The yield on the benchmark 10-year Treasury, meanwhile, rose by around 7 basis points to trade at 4.136%. Yields and price move in opposite directions. One basis point equals 0.01%.

Treasurys


As previously expected, the Federal Reserve announced another 75 basis point interest rate hike on Wednesday as it battles persistently high inflation.

Markets had also hoped for guidance around future interest rate policy from the Federal Reserve, as concerns about the central bank hiking rates too much too quickly and dragging the U.S. economy into a recession have spread.

In his remarks, Powell said that the terminal rate will go higher than expected, and that any talk of rate hikes pausing would be "premature."
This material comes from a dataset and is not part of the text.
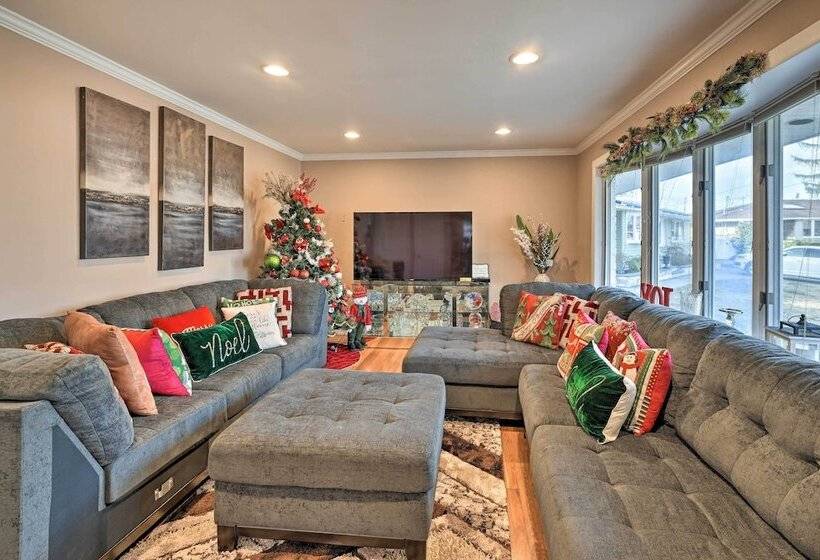 Quiet Commack Cottage W/ Pool, 8 Mi To Beach!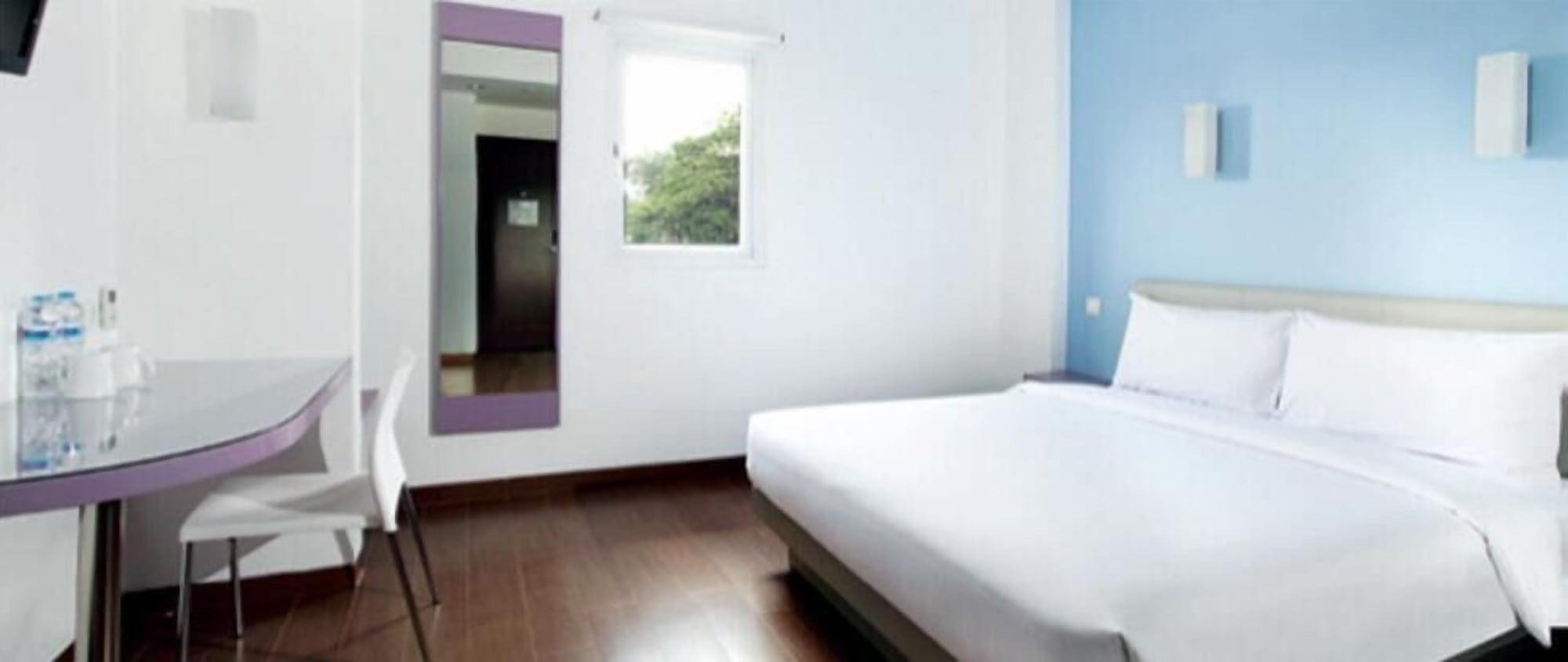 Amaris Hotel Cirebon Exterior photo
However, he left the window for policy change open, saying that the Federal Reserve would consider the impact of its policy on the broader economy.

"Bond traders having a tug-of-war from the two different stories that the Fed presented yesterday," said KKM Financial CEO Jeff Kilburg. "The emotionally and wildly hawkish-filled Q&A press conference is currently winning but, the battle is not over. These rates do not seem sustainable, a back-and-fill opportunity is coming which will move yields lower across the curve."

Traders are looking ahead to Friday's October nonfarm payrolls report for further clues into the health of the U.S. economy. Economic reports continue with next week's consumer price index report for October.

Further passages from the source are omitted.